***** DATA TO USE *****

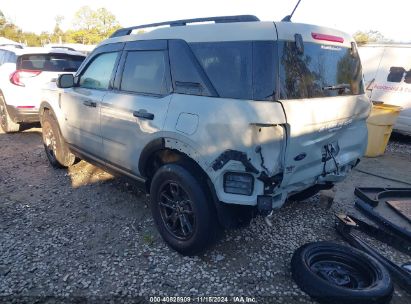 Lot #3020796580 2022 FORD BRONCO SPORT BIG BEND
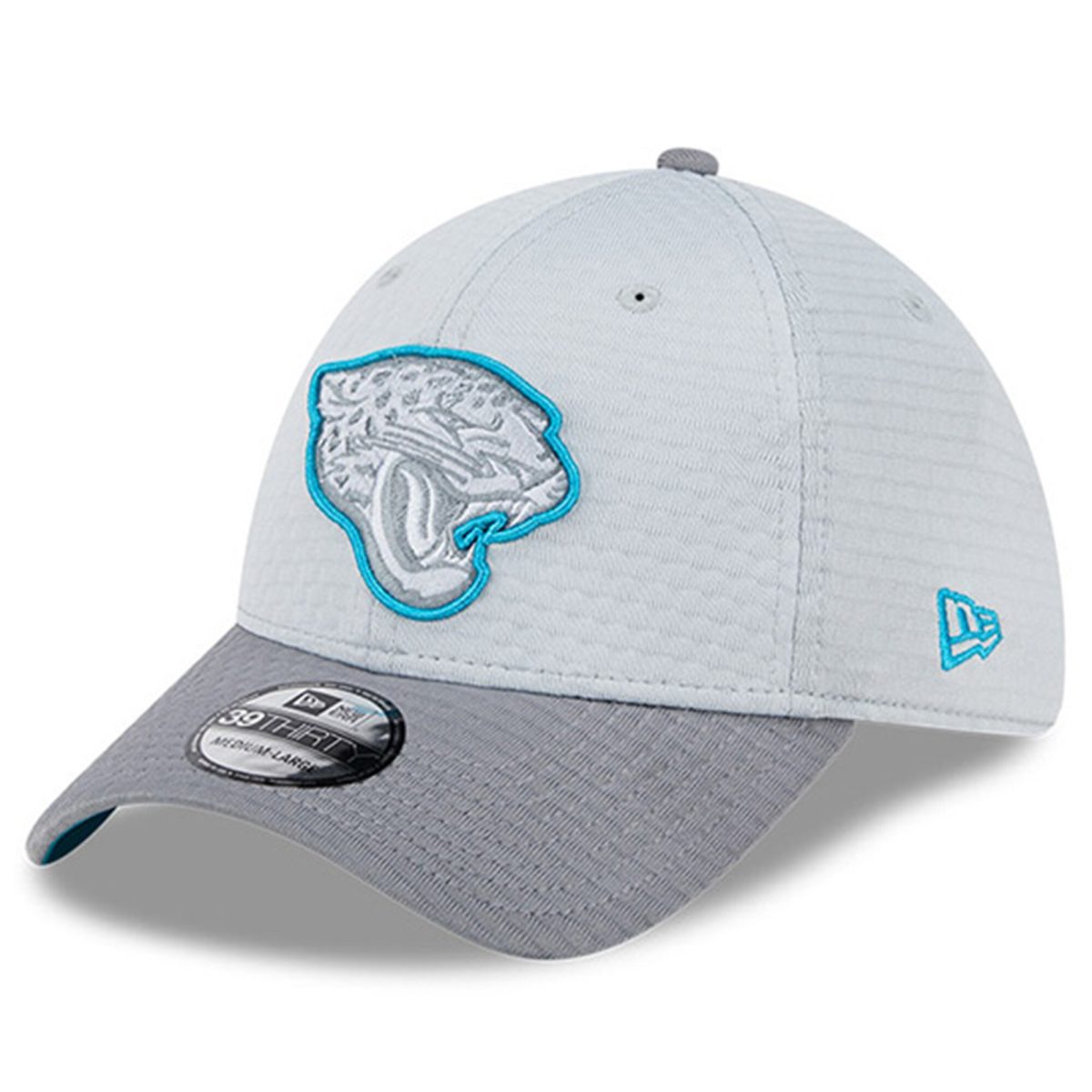 mens new era gray jacksonville jaguars 2024 nfl training camp 39thirty flex hat Collection – Jaguars Jerseys & Hats for Every Fan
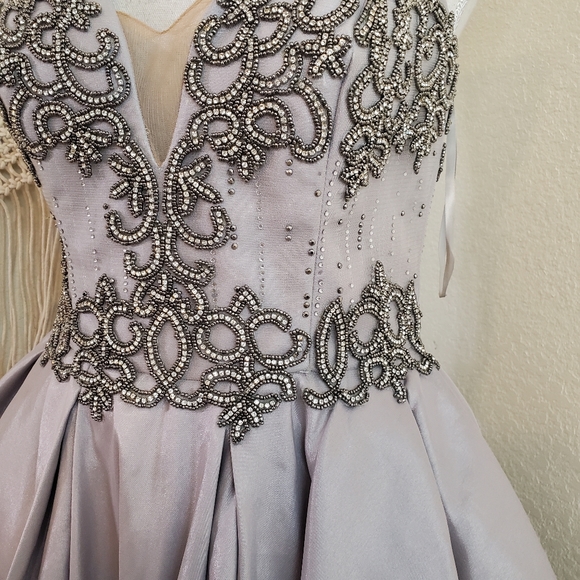 Glamour by TERANI COUTURE HOMECOMING 1622H1156 Size 6. - Picture 7 of 13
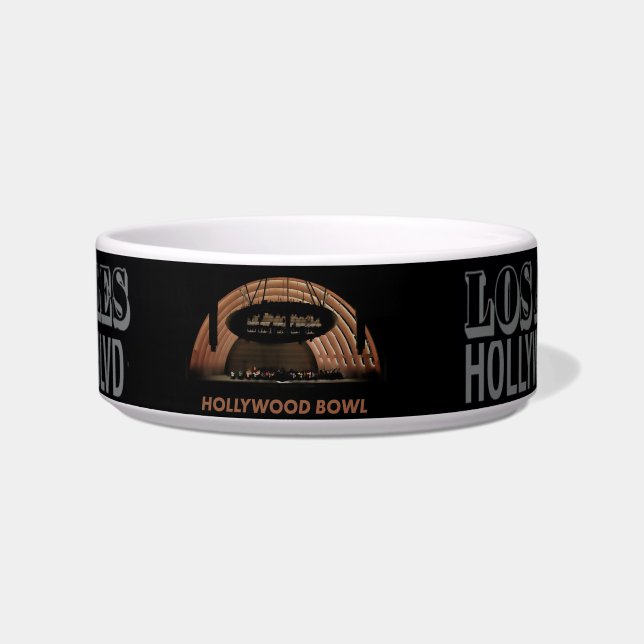 Poster Hollywood Blvd. Pet Bowl (Front)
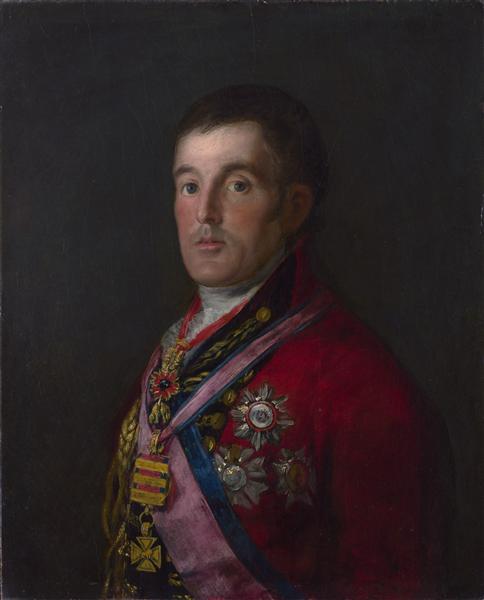 El Duque De Wellington - 1814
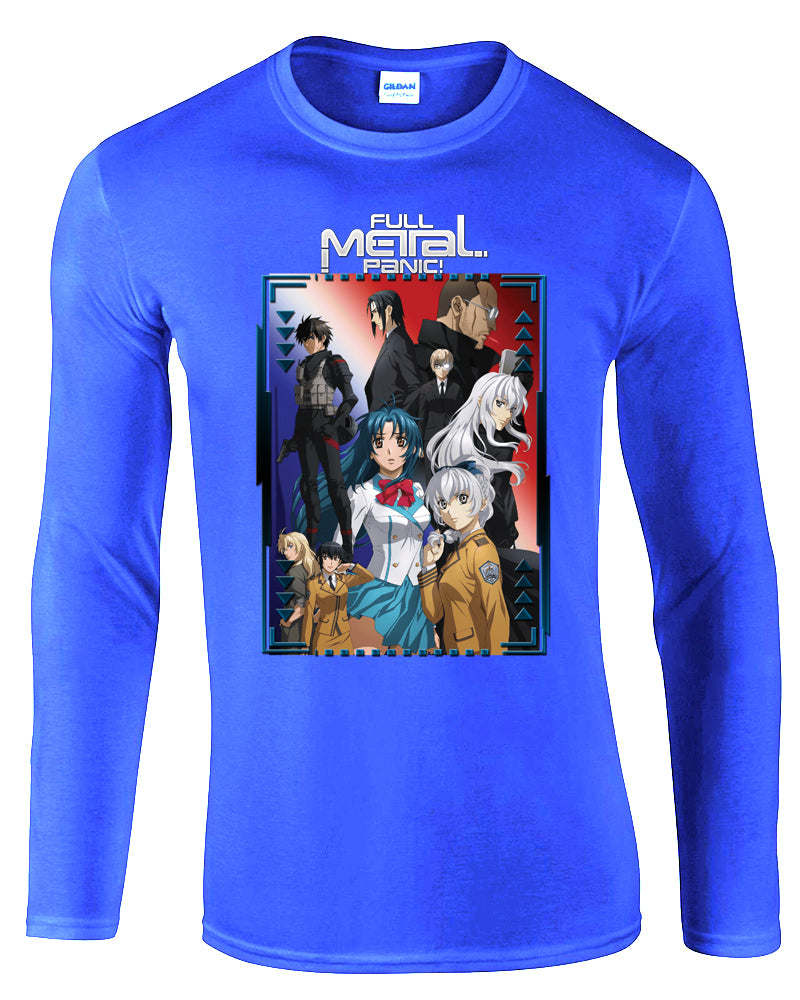 Full Metal Panic 01 Long Sleeve T-Shirt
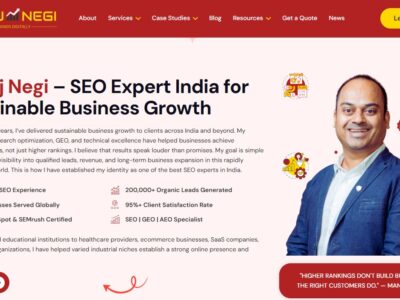 Manoj Negi SEO Expert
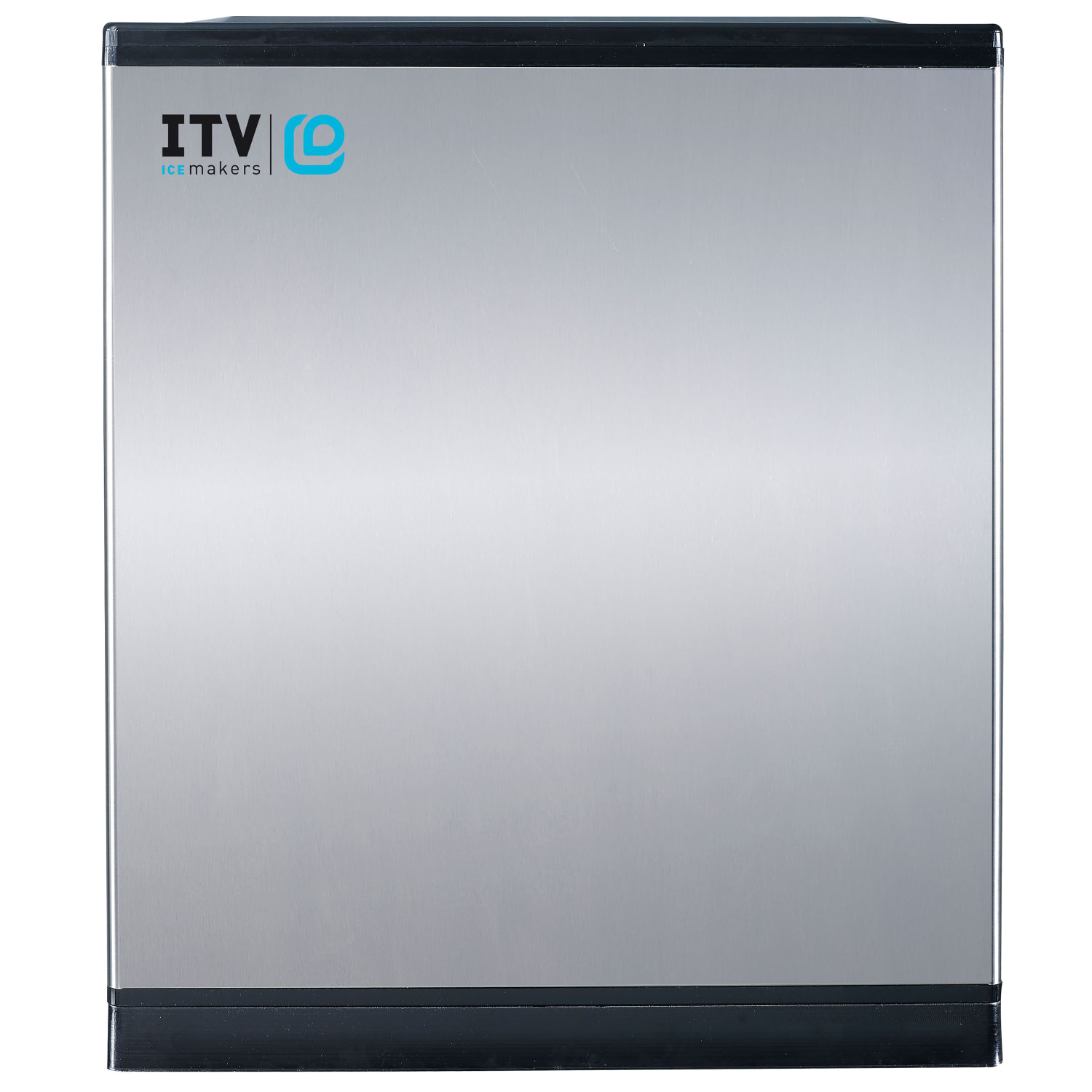ITV Ice Makers SPIKAMS400-22 A1H (17507U) 22 SPIKA Half Cube Ice Machine Head - 432 lb/24 hr, Air Cooled, 115v/1ph, 432 lb Production Capacity, Stainless Steel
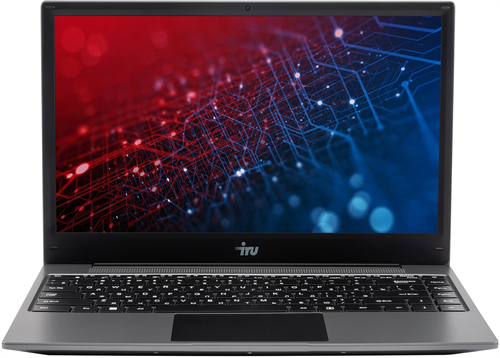 Ноутбук IRU Tactio 14ALH Core i3 1215U 8Gb SSD256Gb Intel UHD Graphics 14" IPS FHD (1920x1080) Windo 2059058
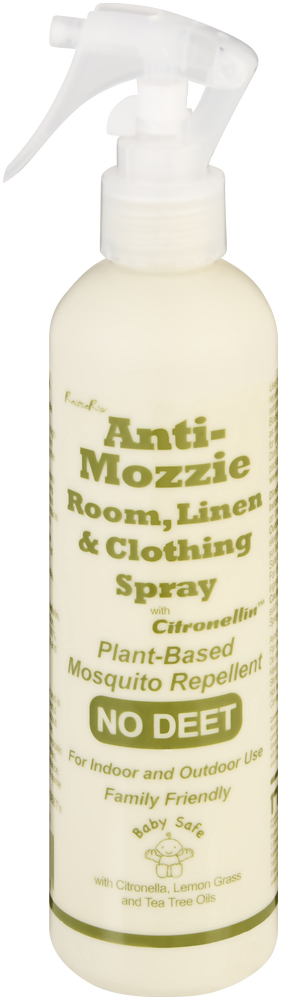 Reitzer's Anti-Mozzie Room, Linen and Clothing Spray Plant-Based Mosquito Repellent 250ml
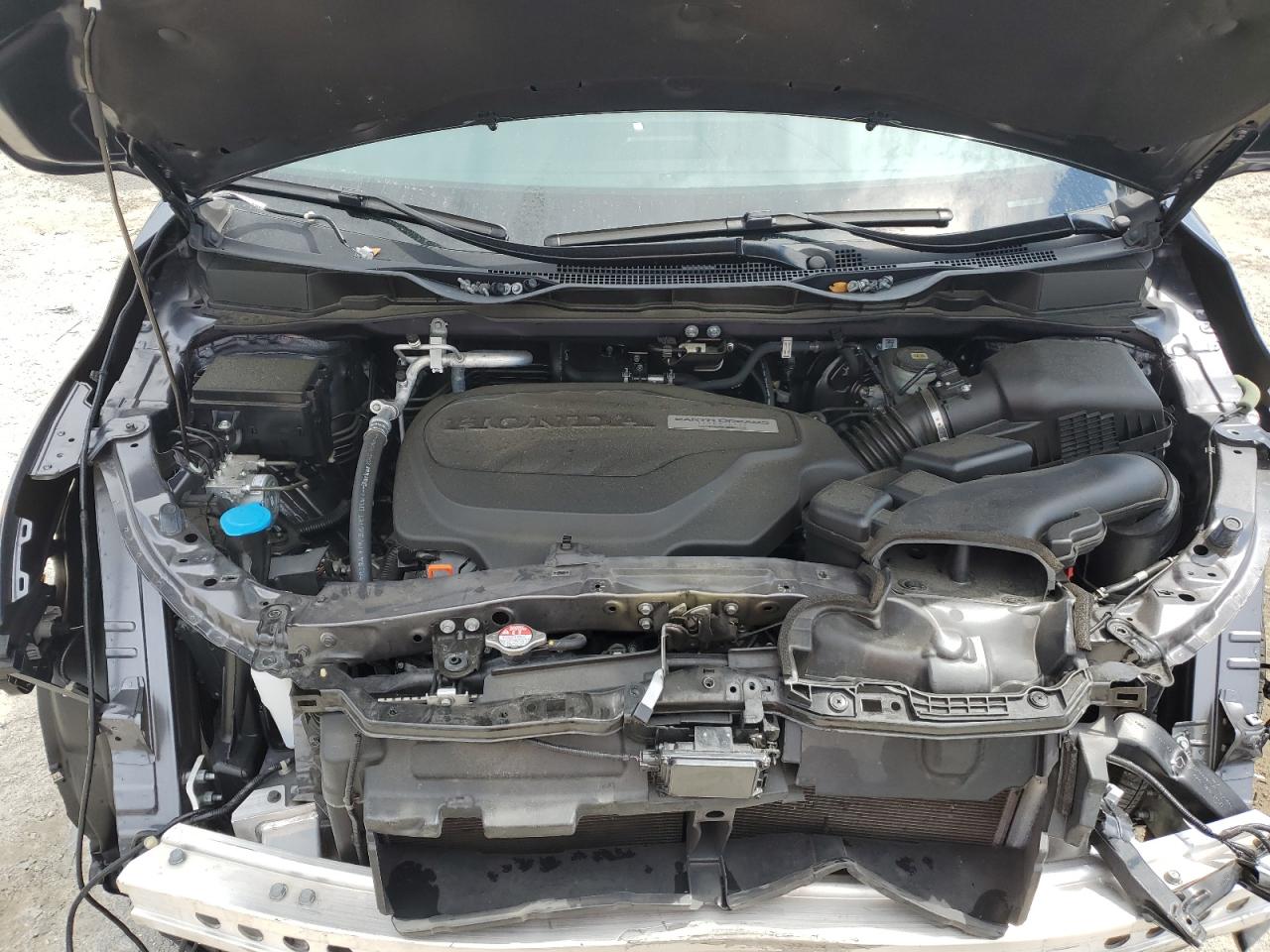 2019 Honda Odyssey Ex VIN: 5FNRL6H51KB056583 Lot: 56881465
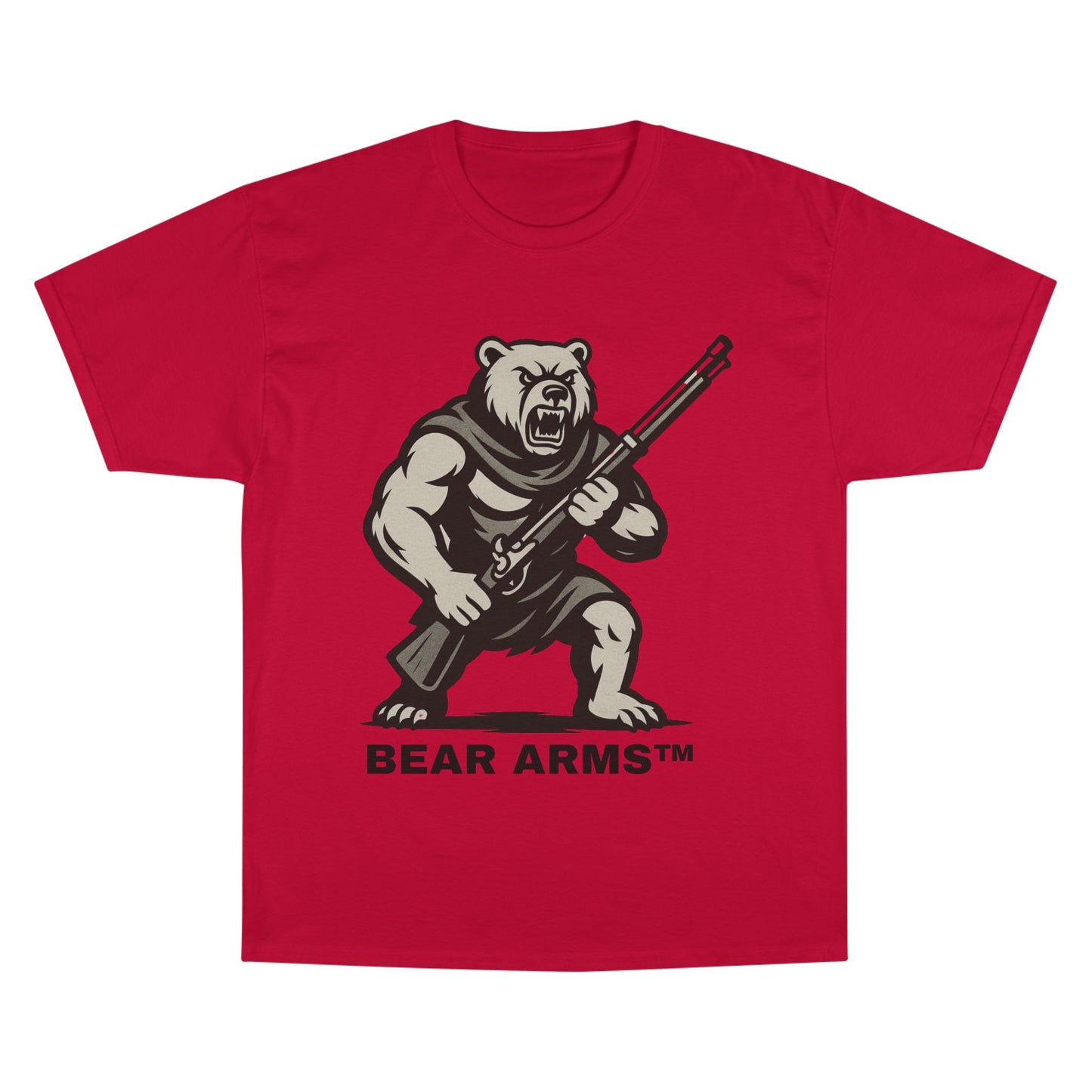 BEAR ARMS™ — CHAMPION T-SHIRT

*****

TASK REQUIREMENTS:
What you write must match, line for line, the lines from the one with "Manoj Negi SEO Expert" through the last line of the data above, minus the pictures.

WRITTEN SOLUTION:
 Manoj Negi SEO Expert
ITV Ice Makers SPIKAMS400-22 A1H (17507U) 22 SPIKA Half Cube Ice Machine Head - 432 lb/24 hr, Air Cooled, 115v/1ph, 432 lb Production Capacity, Stainless Steel
 Ноутбук IRU Tactio 14ALH Core i3 1215U 8Gb SSD256Gb Intel UHD Graphics 14" IPS FHD (1920x1080) Windo 2059058
 Reitzer's Anti-Mozzie Room, Linen and Clothing Spray Plant-Based Mosquito Repellent 250ml
 2019 Honda Odyssey Ex VIN: 5FNRL6H51KB056583 Lot: 56881465
 BEAR ARMS™ — CHAMPION T-SHIRT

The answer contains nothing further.